Tageblatt: Comment qualifierez-vous la situation actuelle au Moyen-Orient? A quand remonte, selon vous, le désordre actuel?
Hubert Védrine: Il y a globalement une situation désastreuse dans tout le Moyen-Orient. Mais aucune des puissances en lutte ne peut s’imposer complètement. Ni l’Iran, ni l’Arabie, ni la Turquie et encore moins l’Egypte ou Israël. Donc ça peut durer très longtemps, avec des hauts et des bas. A un moment c’est le groupe shiite qui paraît l’emporter, à un autre c’est le groupe sunnite. Tout cela constitue un élément d’aggravation dans la durée. Et d’autre part, contrairement à d’autres époques de l’histoire, aucune puissance extérieure ne peut imposer complètement sa loi, donc ne pas refaire ce qui s’est fait en bien et en mal en 1920. Donc on a fait une sorte de désagrégation qui s’aggrave sur le coût de plusieurs choses. Il y a évidemment eu l’erreur majeure qui est celle des Etats-Unis en 2003.
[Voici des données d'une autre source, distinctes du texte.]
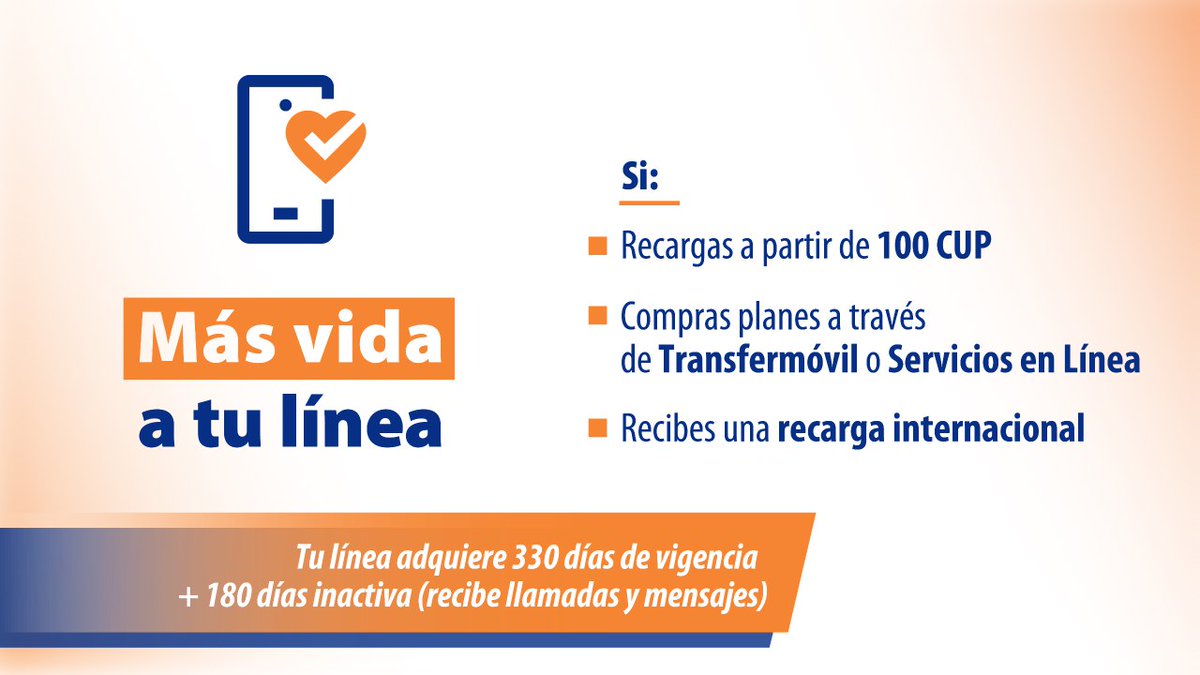 MairodisS's tweet photo. Si deseas mantener activa tu línea debes conoces esta información. ¡Podría ser justo lo que necesitas!
#EtecsaConCuba https://t.co/FQ0593CqJJ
Mais il n’y a pas que cela…
Evidemment non. Il y a des phénomènes antérieurs. C’est à partir de la révolution islamique en 1979 que les Saoudiens ont paniqué et ont essayé de réveiller une influence saoudienne et donc wahhabite dans toute la région et quasiment partout dans le monde où il y a des musulmans. Cela a alimenté cet affrontement gigantesque au sein de l’Islam entre disons l’Islam normal ou modéré et puis les formes extrémistes, donc le salafisme qui peut conduire au djihadisme, qui peut conduire au terrorisme. Donc déjà il faut remonter en 1979, et après il y a eu énormément de péripéties qui chaque fois ont été aggravantes. Mais dans la durée l’autre phénomène c’est que, progressivement, les nationalistes israéliens les plus durs, sous la forme nationaliste ou religieuse, ont finalement complètement dominé le jeu en Israël et leur influence sur les Etats-Unis est devenue gigantesque, par l’intermédiaire du congrès. Les rares présidents américains qui ont tenté de résister à ça étaient coincés en fait. Tout cela fait partie du tableau. Mais tout ne s’explique pas par Israël, il y a d’autres facteurs. Dans ce contexte, il est vrai que spécifiquement l’intervention américaine en Irak était une faute grave, la politique qui a suivi après était une faute aussi grave.

Dans quel sens?
Souvent on ne distingue pas les deux mais ce sont des choses distinctes. S’ils étaient intervenus pour renverser Saddam Hussein tout en réussissant à mettre en place un système de cohabitation correct entre les sunnites et les shiites le jugement aurait été plus modéré. Mais ce n’est pas le cas. Dans un premier temps il y a eu un gouvernement shiite, majoritaire en Irak, mais qui s’est comporté de façon sectaire et qui a fini par entraîner le mariage contre nature entre l’ancienne armée de Saddam Hussein, rejetée dans le néant, et les débris d’Al-Qaïda donc Daech. C’est un effet de cycle dont on n’est pas sorti et qui aurait pu être empêché par une politique américaine moins absurde – mais tout ça ce ne sont pas des explications alternatives, tout s’enchaîne, tout se combine. En plus on a des Européens qui sont toujours alimentés par des tas d’idées sympathiques mais dont les volontés sont désemparées devant cette situation. Le dernier élément qui s’ajoute à ce tableau c’est Trump et plus précisément l’alliance stratégique Trump – son gendre Kushner –, Netanyahu et le Saoudien Ben Salmane.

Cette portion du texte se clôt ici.